The bard’s words stretched across the centuries as three seasoned actors took to the chilly public square beside the downtown church and raised a call to action for the homeless. They performed “Too Little Care,” a short dramatic piece based on the passage where, turned out in a raging storm, the mentally deteriorating old king has a sudden epiphany. He acknowledges the pitiful circumstances of the dispossessed and calls complacency to account.

“Poor naked wretches, wheresoe’er you are,
That bide the pelting of this pitiless storm,
How shall your houseless heads and unfed sides,
Your loop’d and window’d raggedness, defend you
From seasons such as these? O, I have ta’en

Too little care of this!”

Venerable actor and lifelong social activist Walter Borden played Lear, with Michael Bennett Leroux and Peyton LeBarr in supporting roles. Encouraged to become a chorus, onlookers chanted, “Oh I have ta’en too little care of this!”

“Any thinking, empathetic, sympathetic person could make that same statement about the homeless today,” said Mr. Borden, who recently played Lear in a production that portrayed him as having a hallucinatory dementia. “Society as a whole, and the individuals who make it up, have definitely taken too little care of this.”

The performance at the Toronto Homeless Memorial, located outside the church, was deliberately planned for the winter, explained Kate Werneburg, an actor who wrote and directed Too Little Care and designed it to speak to a deaf-eared and complacent society.

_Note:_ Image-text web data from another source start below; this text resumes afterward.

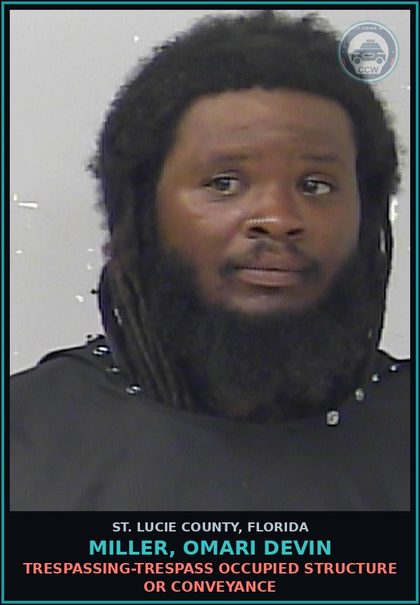 CCW arrest card for Miller, Omari Devin in St. Lucie County: Trespassing-trespass Occupied Structure Or Conveyance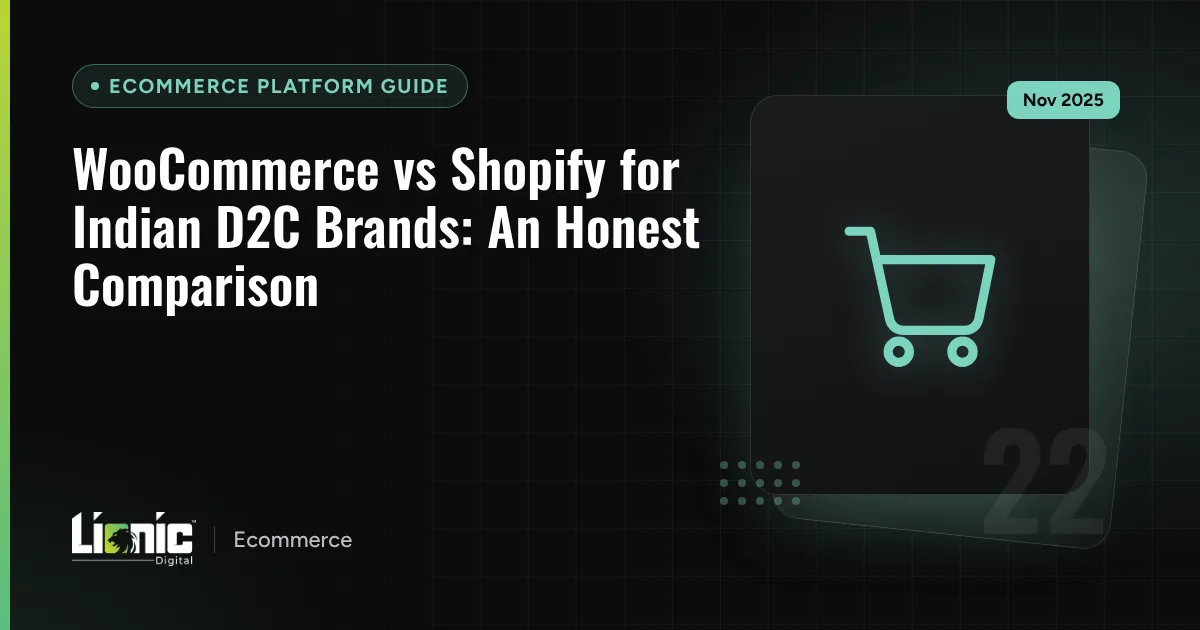 WooCommerce vs Shopify for Indian D2C Brands: An Honest Comparison — Ecommerce Platform Guide
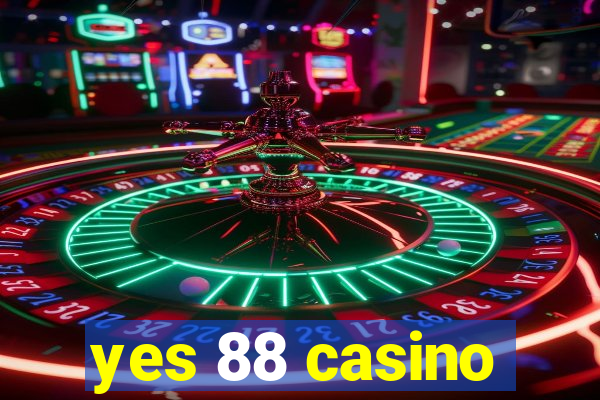 yes 88 casino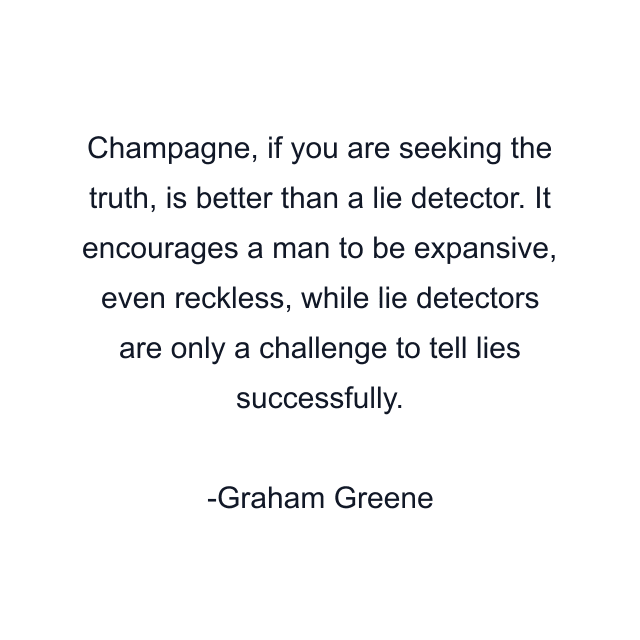 Champagne, if you are seeking the truth, is better than a lie detector. It encourages a man to be expansive, even reckless, while lie detectors are only a challenge to tell lies successfully.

“It became clear the city was not prepared to respond appropriately to the needs underhoused people would have in the extreme cold,” said Ms. Werneburg, the church’s volunteer co-ordinator. “We wanted people who are also experiencing dispossession to feel seen and recognized.”

When Ms. Werneburg herself played Lear back in theatre school, her director told her no acting was required to perform this passage, saying “All you need to do is think about everyone who at this very moment is sleeping on a subway grate on Yonge Street. What have you done about that today?”